_EXERCISE BRIEF_. Look through the entries below for the line with "四叶草黑白双面大小号项链 韩国时尚镀18K玫瑰金项链女彩金短款锁骨链" and the line with "Altstadt Apartments Melk", then give again exactly those two lines and all lines between them, minus the pictures.

_RECORD SET_.
___

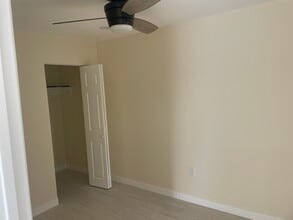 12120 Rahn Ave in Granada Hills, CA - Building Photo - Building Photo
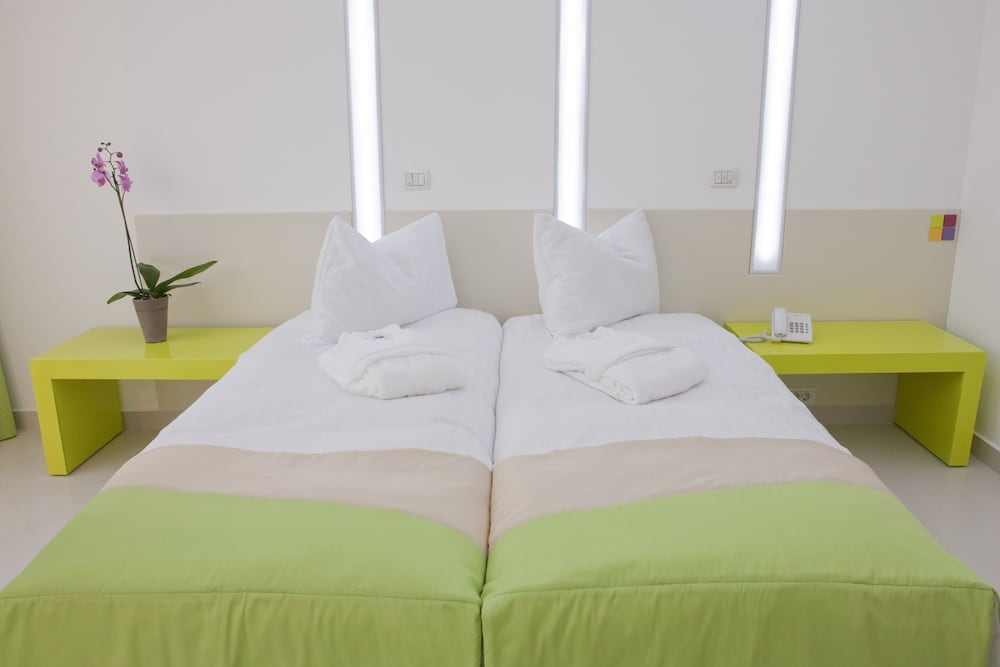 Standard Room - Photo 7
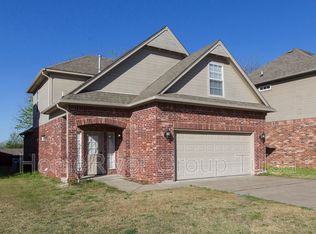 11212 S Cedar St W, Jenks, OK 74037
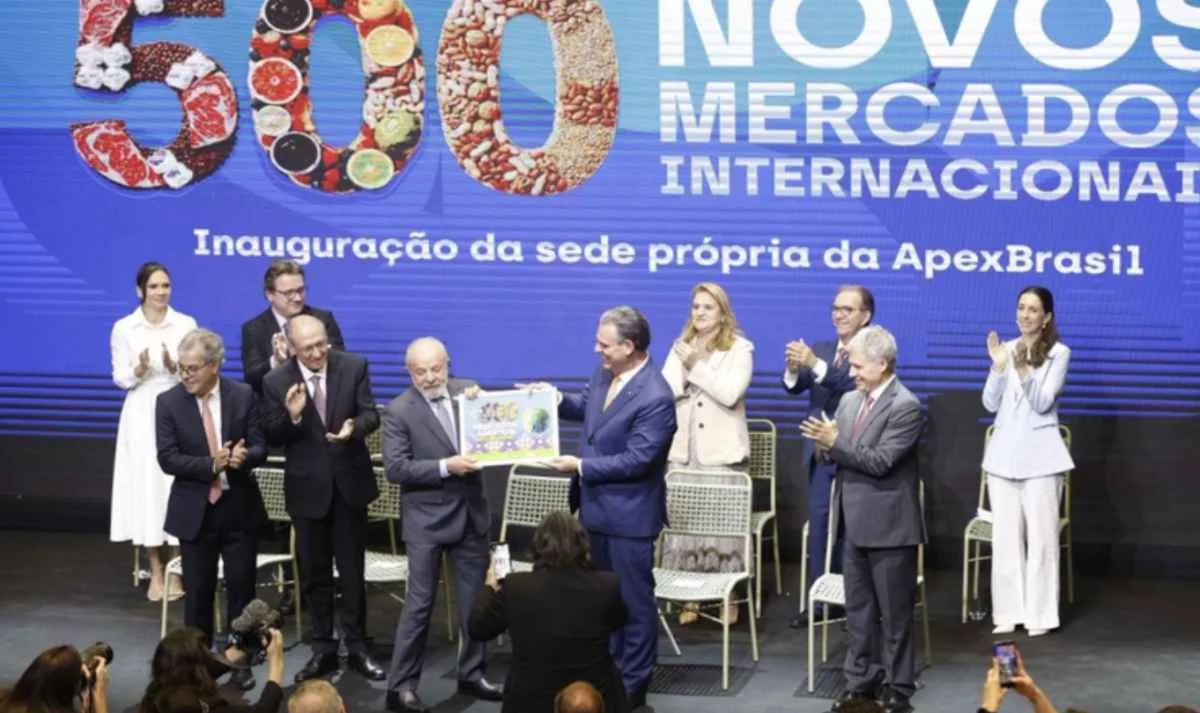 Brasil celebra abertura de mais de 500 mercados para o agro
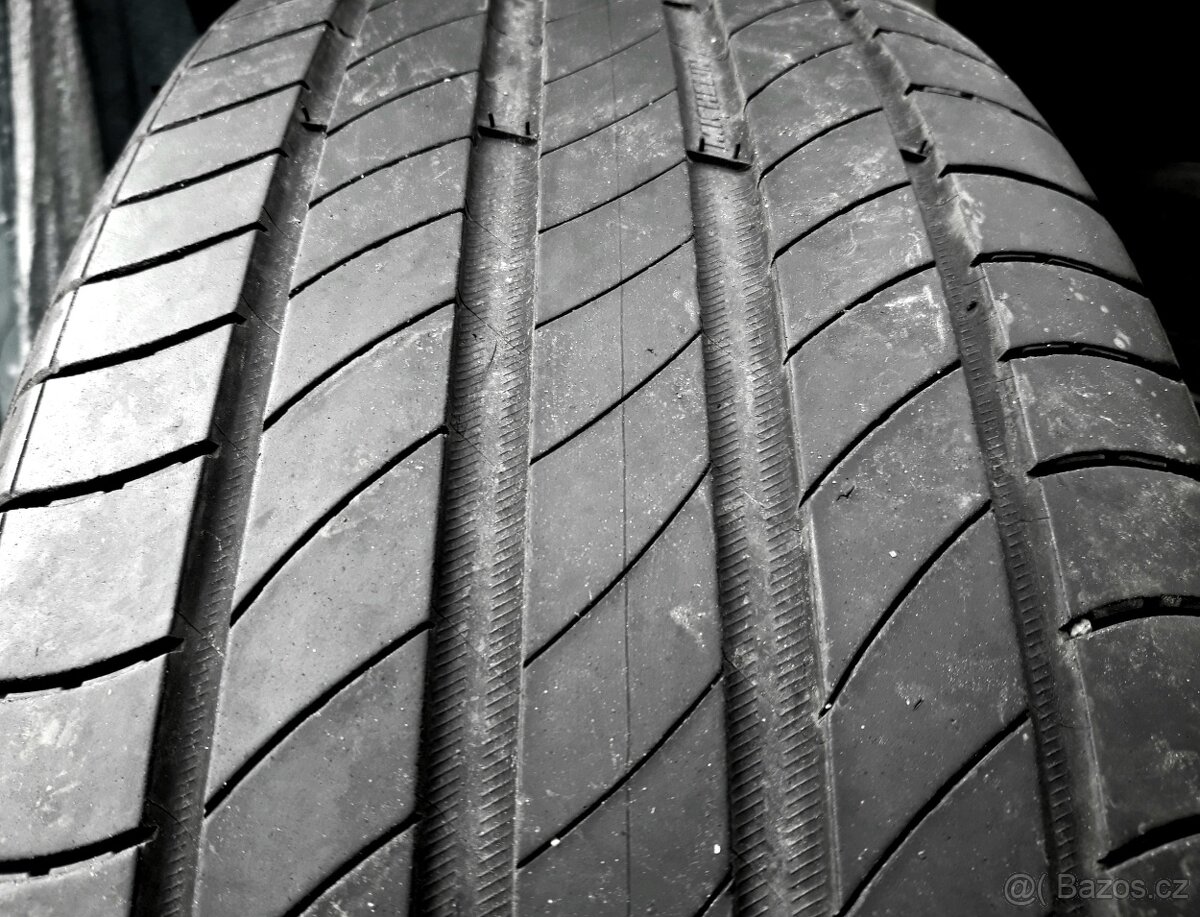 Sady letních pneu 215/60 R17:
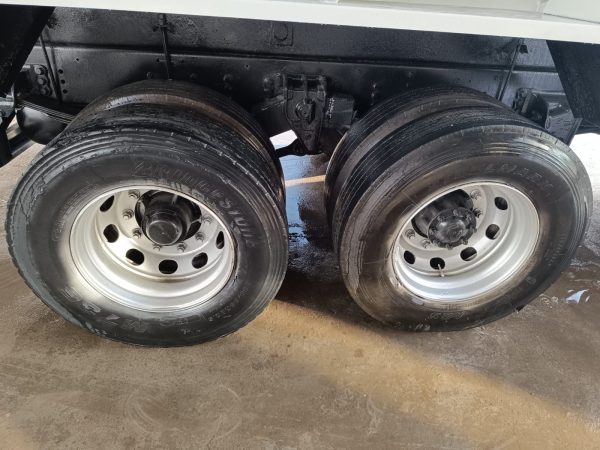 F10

___

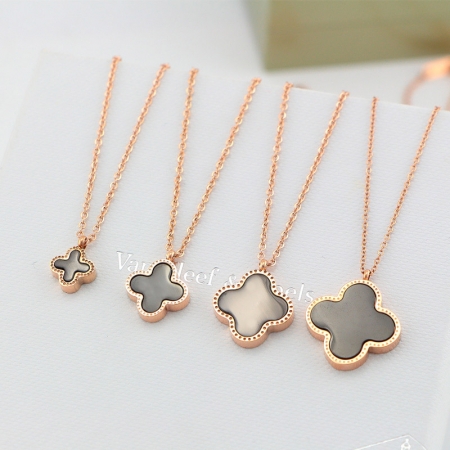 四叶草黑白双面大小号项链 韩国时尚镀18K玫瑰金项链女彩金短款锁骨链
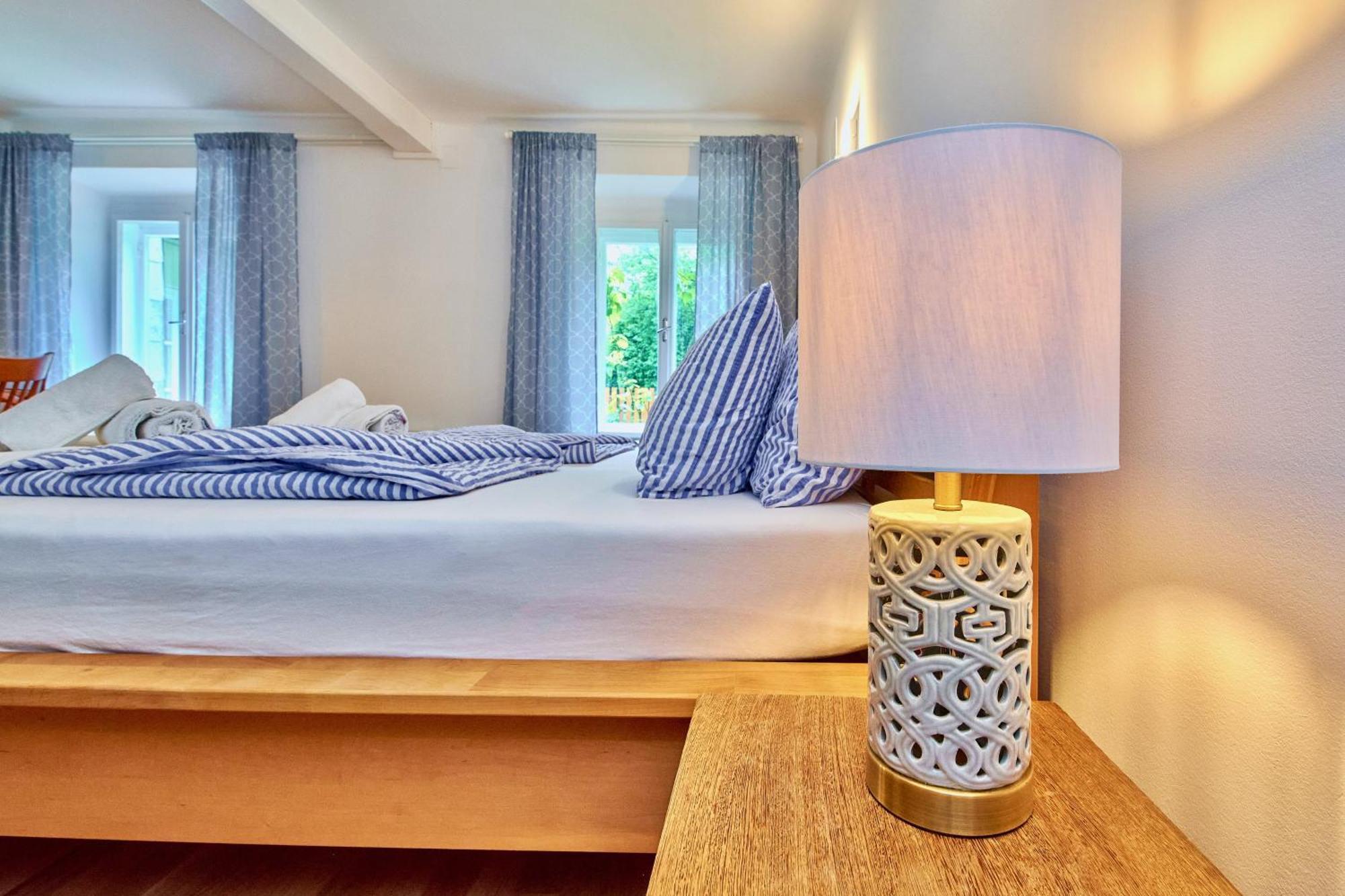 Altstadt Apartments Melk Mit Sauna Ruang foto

___

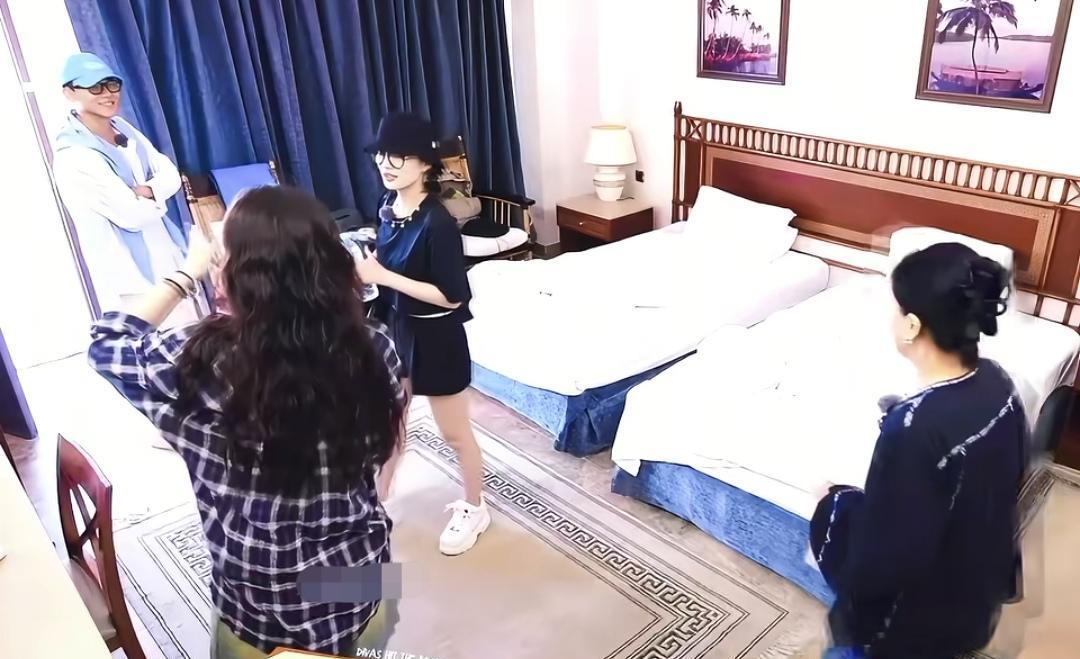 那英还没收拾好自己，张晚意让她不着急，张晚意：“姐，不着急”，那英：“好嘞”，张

___

_ANSWER TO THIS EXERCISE_.
 四叶草黑白双面大小号项链 韩国时尚镀18K玫瑰金项链女彩金短款锁骨链
 Altstadt Apartments Melk Mit Sauna Ruang foto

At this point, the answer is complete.